**Recorded data:**

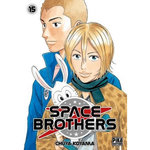 SPACE BROTHERS TOME 15, Koyama Chûya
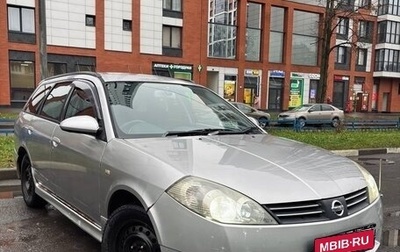 Nissan Wingroad III, 2003 год, 220 000 рублей, 1 фотография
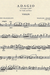 International Music Company Mozart, W.A.: Adagio in E, K.261 (violin & piano)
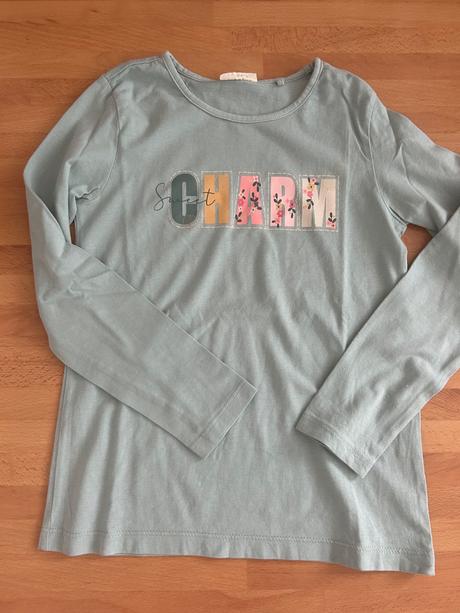 Dievčenské tričko, ovs,128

**Action item:**
Write the lines above out again exactly, without any of their pictures.

**Task solution:**
 SPACE BROTHERS TOME 15, Koyama Chûya
 Nissan Wingroad III, 2003 год, 220 000 рублей, 1 фотография
 International Music Company Mozart, W.A.: Adagio in E, K.261 (violin & piano)
 Dievčenské tričko, ovs,128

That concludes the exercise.